Penitentiary Chances is a political act. Not just the end result, but the process of recording itself: Boosie and C-Murder became close when they bunked adjacent to one another on death row at Angola, the most notorious federal prison in America. When I talked to Boosie earlier this year, he told me that C-Murder—whose own legal odyssey should continue with a new round of appeals—taught him to be positive. “When you smile, that hurts people more than you cursing them out,” the one-time No Limit star apparently said. There isn’t much smiling on the joint LP, but there’s plenty of menace.
DJ Quik attributes some of his success and longevity to the fact that unlike many of his peers, he made it a point to avoid cocaine, even during his early-‘90s heyday. That’s probably good advice for almost everybody, but Quik was being modest: it doesn’t hurt that he was the greatest producer Compton’s ever seen. This past month, he teamed up with Problem for the six-song Rosecrans EP. The younger artist nominally shares production duties, but the funk is unmistakable, and tailor-made for the dog days ahead. “Straight to the City With It” sounds like a cookout that morphs into a vampire movie and back again before midnight.
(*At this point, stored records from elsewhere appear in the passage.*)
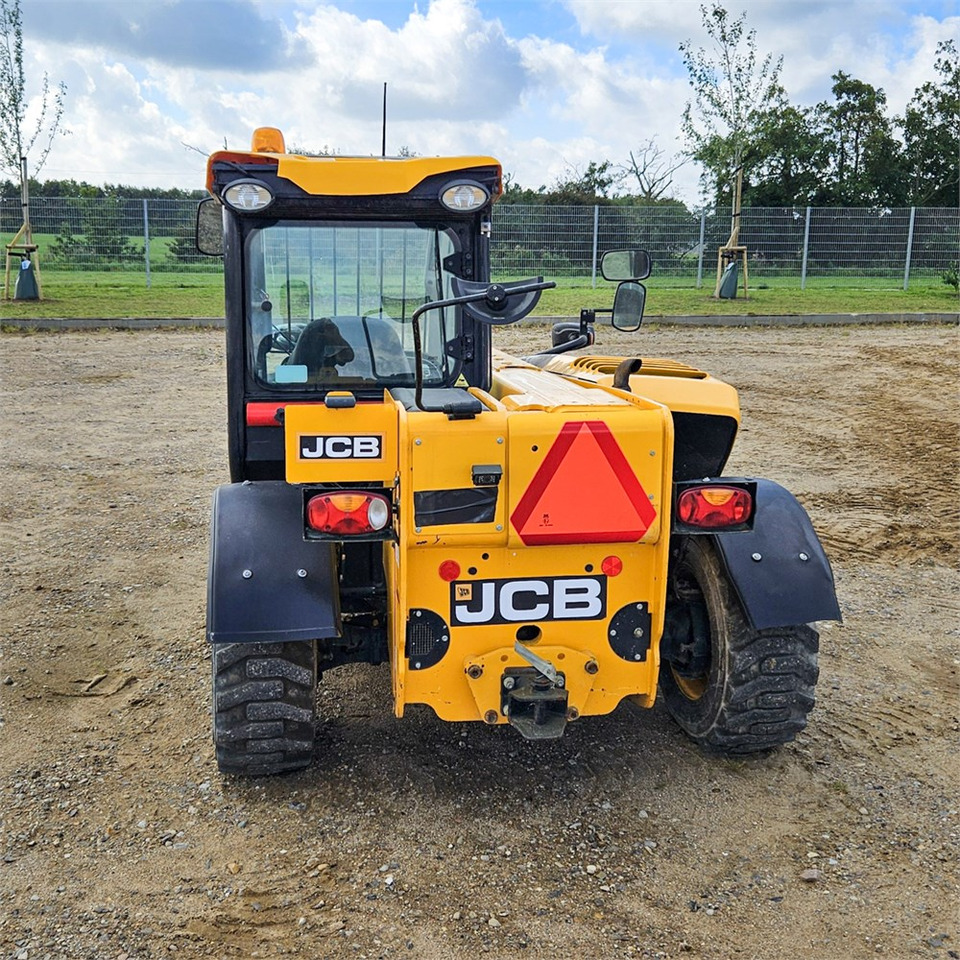 JCB 525-60T4 - Manipulador telescópico: foto 4 JCB 525-60T4 - Manipulador telescópico: foto 4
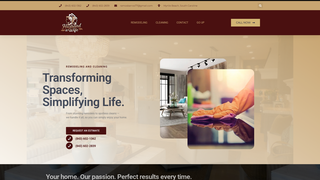 Thumbnail of hwremodelingcleaning.com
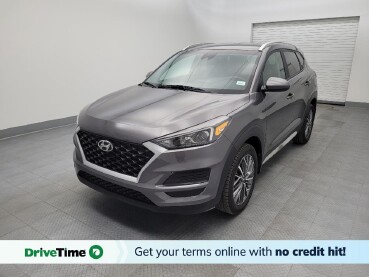 2020 Hyundai Tucson in Cincinnati, OH 45255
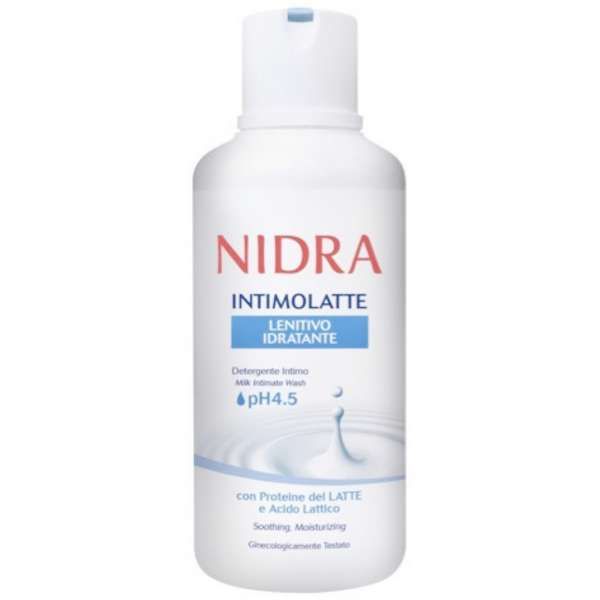 Nidra Intimo Latte Idratante - 500ml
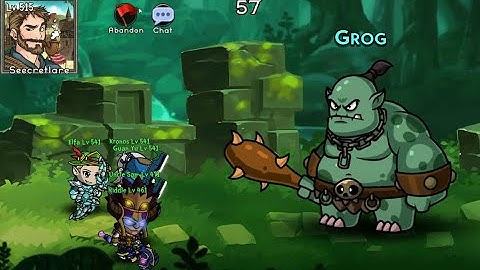 Auto Battle Online(ABO): How to Build a Boss Team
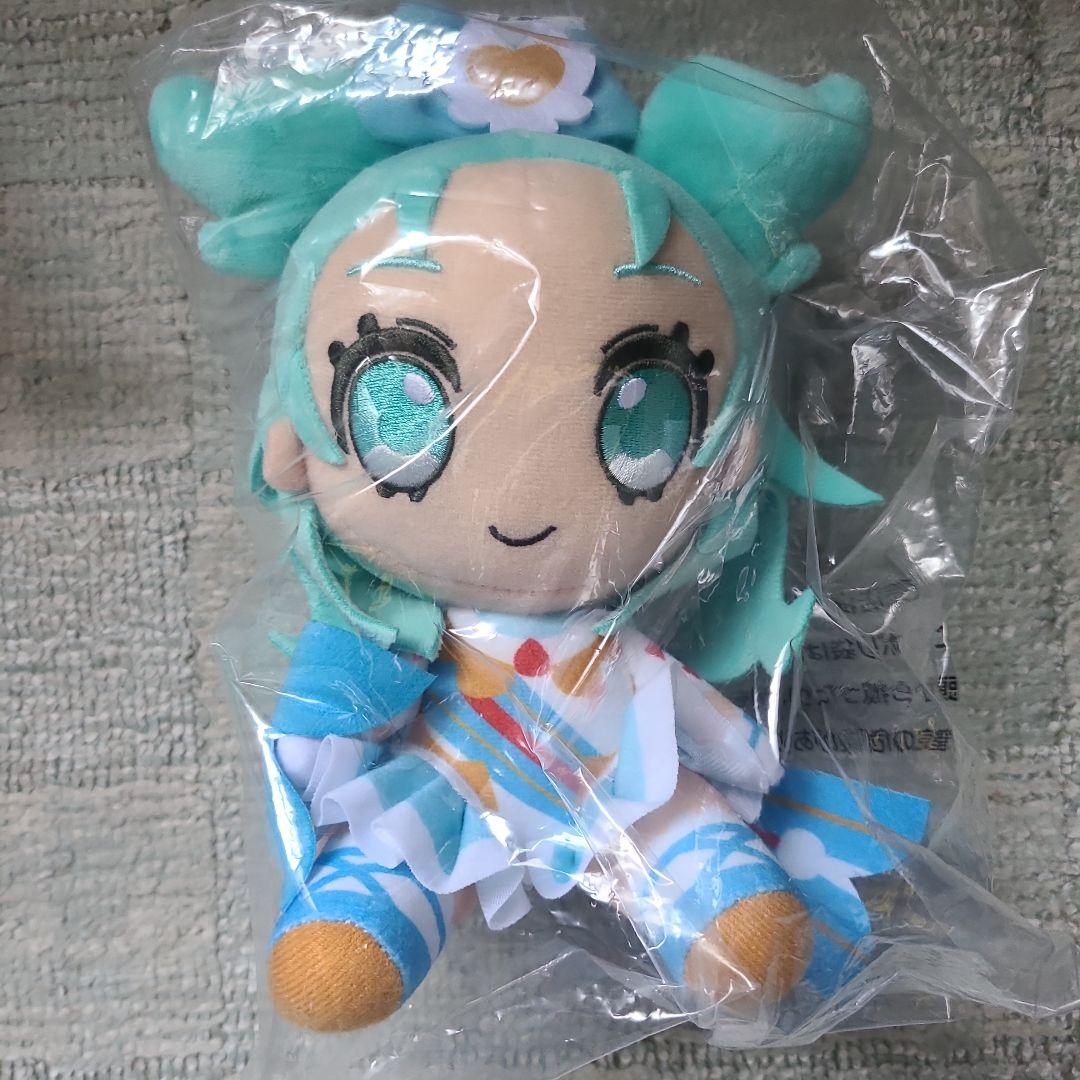 プリンセッション・オーケストラ　ぬいぐるみ　全4種類コンプリート　No.92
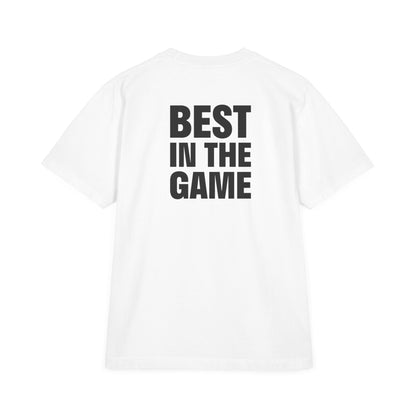 Best In The Game Logo T-Shirt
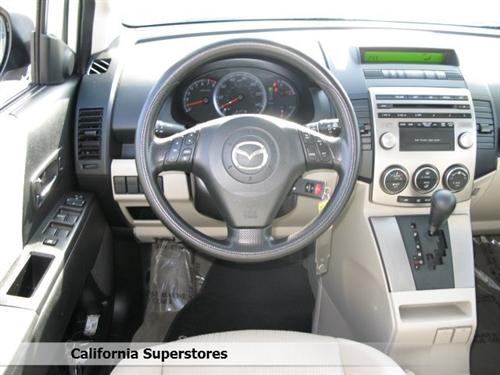 Mazda 5 2009 photo 2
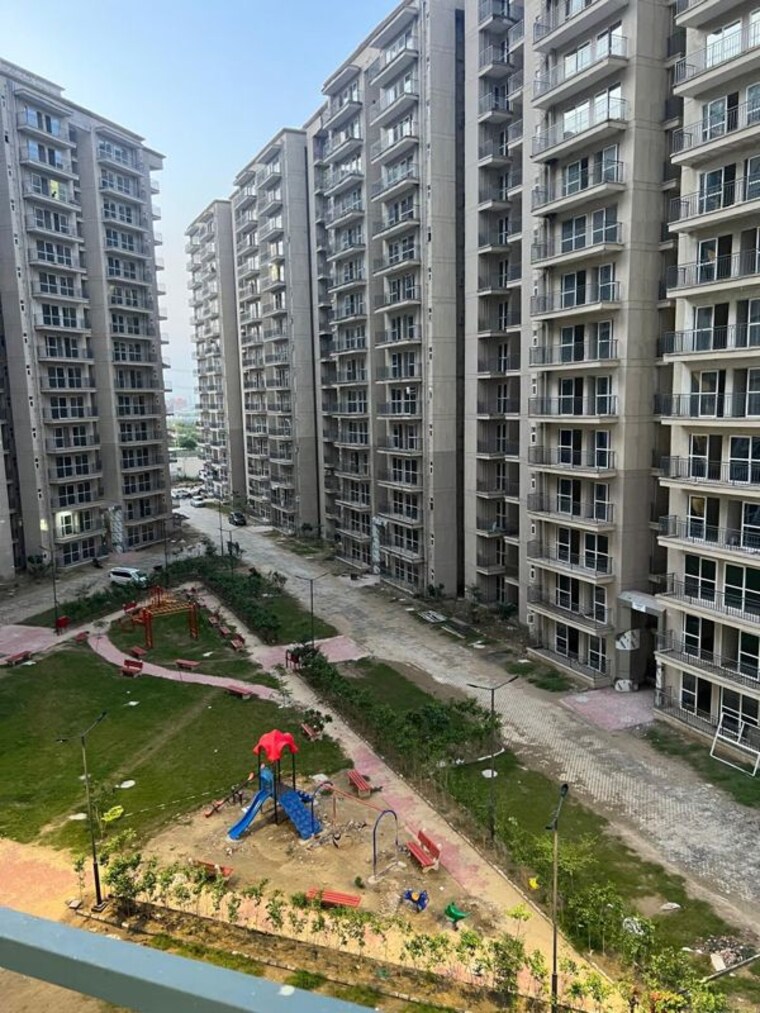 Exterior View, conscient-habitat-102 3 Bedroom 745 Sq.Ft. Apartment In Sector 102 Gurgaon 10742486
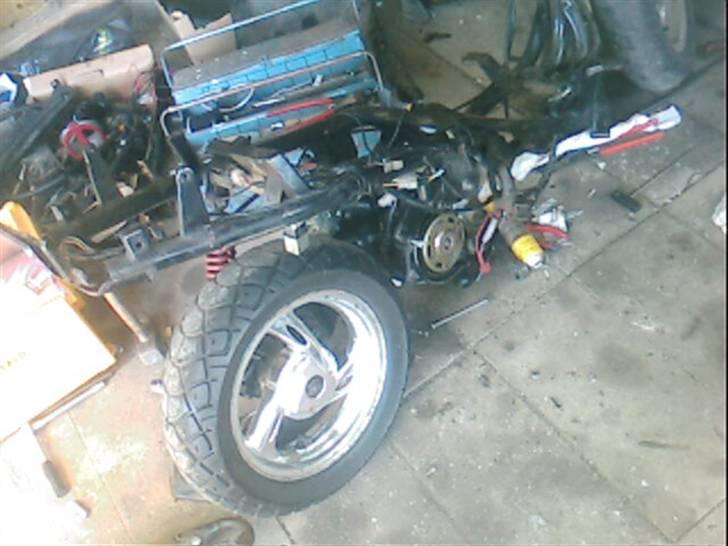 PGO Hot(BYTTET TIL JOG AS) billede 7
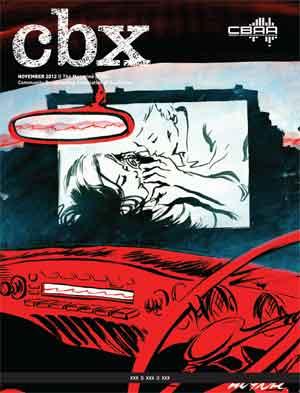CBX November 2012 Cover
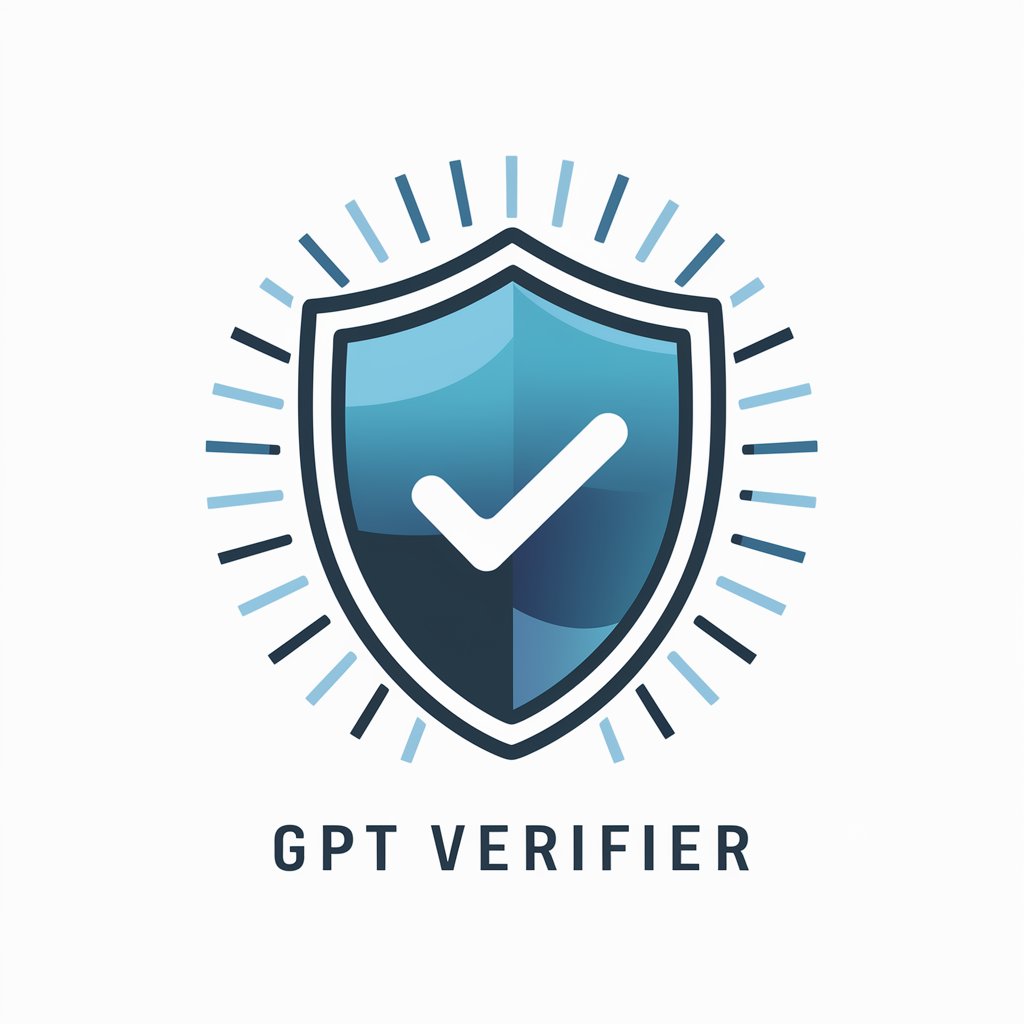 GPT Verifier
Unlike most of the vulture-ish posthumous releases squeezed out of the vaults of departed artists—including Dilla, to be sure—The Diary existed as a finished thought in its creator’s mind. Re-assembled through years of meticulous work by his longtime friend Egon, among other collaborators,The Diary was supposed to serve as Dilla’s MCA debut. In hindsight, it’s clear why most of the songs were shelved: most of Dilla’s trademark work behind the boards was abandoned in favor of outside help or glossier retreads, and the Detroit native still left something to be desired in the booth. Still, The Diary is a fascinating window into the process of one of the greatest producers to ever live.